Colm A. O'Muircheartaigh, Professor in the Harris Graduate School of Public Policy Studies, is also Vice President of Statistics and Methodology as the National Opinion Research Center (NORC) specializing in focus groups. Hisresearch encompasses survey sample design, measurement errors in surveys, cognitive aspects of question wording, and latent variable models for non-response. He has served as a consultant to a wide range of public and commercial organizations in the United States, the United Kingdom, Ireland, Italy, the Netherlands and elsewhere. He has published widely on issues in survey methodology, most recently in Public Opinion Quarterly, the Journal of Statistical Planning and Inference, the Journal of the Royal Statistical Society, the Journal of Official Statistics, and Quality and Quantity. He joined NORC and the University of Chicago from the London School of Economics and Political Science, and is co-investigator for the Joyce Foundation’s grant “Mapping African American and Hispanic Participation in Chicago Cultural Institutions.”

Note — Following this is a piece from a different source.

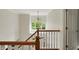 Bright staircase with hardwood railing and view of greenery through transom window and chandelier at 7248 River Birch Ln, Indianapolis, IN 46236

Margaret J. Wyszomirski is Director of the graduate Arts Policy and Administration Program at the Ohio State University, where she holds faculty appointments in both the Department of Art Education and the School of Public Policy and Management.  Holding a Ph.D. in government from Cornell University, she is former Director of the Graduate Program in Public Policy at Georgetown University.  Her government service has included positions as Staff Director of the Bipartisan Independent Commission on the National Endowment for the Arts and NEA Director of the Office of Policy Planning, Research and Budget.  She has published extensively on the subjects of art, culture and public policy as well as on the presidency and has served on the editorial board of half a dozen journals including Nonprofit Management and Leadership, Journal of Arts Management, Law and Society; Policy Studies Journal and Governance. She has been a contributor to many collaborative projects, including developing case studies in public entrepreneurship that resulted in "The Politics of Art: Nancy Hanks and the National Endowment for the Arts" in Leadership and Innovation edited by Jameson Doig and Erwin Hargrove (1987); the US case study for Comparing Cultural Policy (1999); an arts-focused assessment in Measuring the Impact of the Nonprofit Sector on Society (2002); and the arts and culture subsector survey chapter in The State of the Nonprofit Sector edited by Lester Salamon (2002).  Recently her research has turned to mapping aspects of the cultural sector and to international topics in cultural policy.  She also has served on various project and institutional advisory committees, including three American Assemblies, the Center for Arts and Culture, the Ohio Arts Council, the cultural data archive CPANDA, and the Urban Institute/Center on Nonprofits and Philanthropy.